- [WHAT IS BEING ASKED] Every line below from the one with "Wohnung - Verkauf - ISTARSKA - PULA - PULA" through the one with "STM32h5_I3C Errata.png" should be retyped exactly, both ends included; no other lines and no pictures.

- [DATA IN THIS EXERCISE]
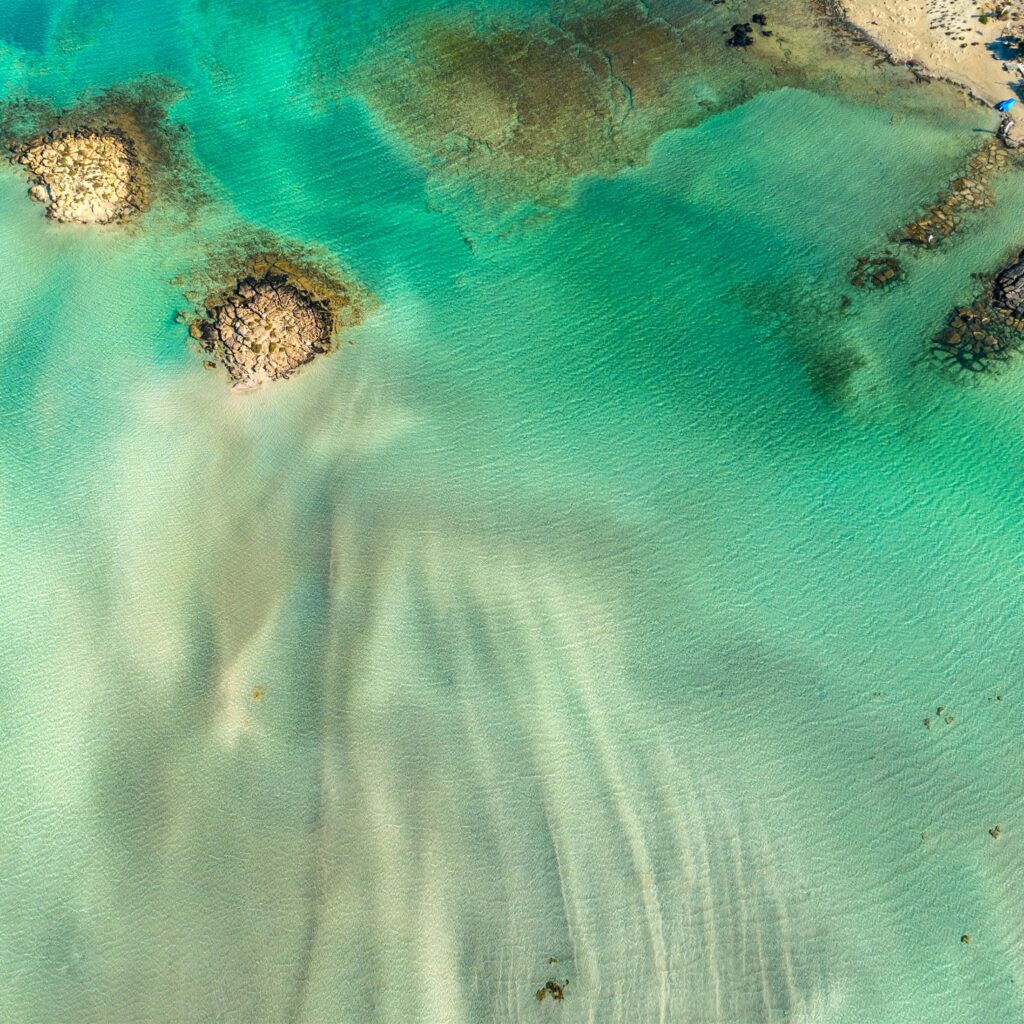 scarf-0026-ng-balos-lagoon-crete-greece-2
==
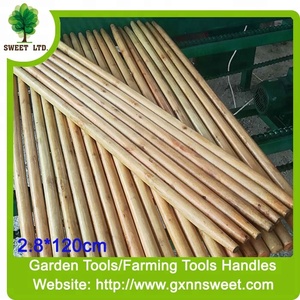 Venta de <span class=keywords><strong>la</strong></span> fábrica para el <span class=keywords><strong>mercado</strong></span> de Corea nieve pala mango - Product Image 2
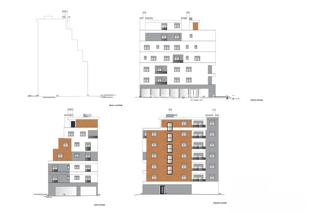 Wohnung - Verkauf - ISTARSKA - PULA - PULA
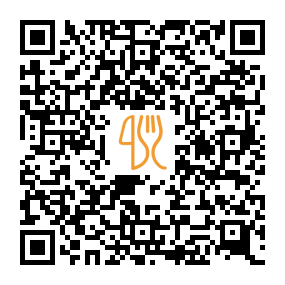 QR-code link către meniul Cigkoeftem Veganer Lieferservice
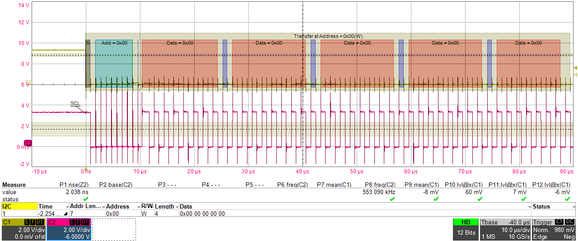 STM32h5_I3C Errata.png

- [REPLY]
 Wohnung - Verkauf - ISTARSKA - PULA - PULA
 QR-code link către meniul Cigkoeftem Veganer Lieferservice
 STM32h5_I3C Errata.png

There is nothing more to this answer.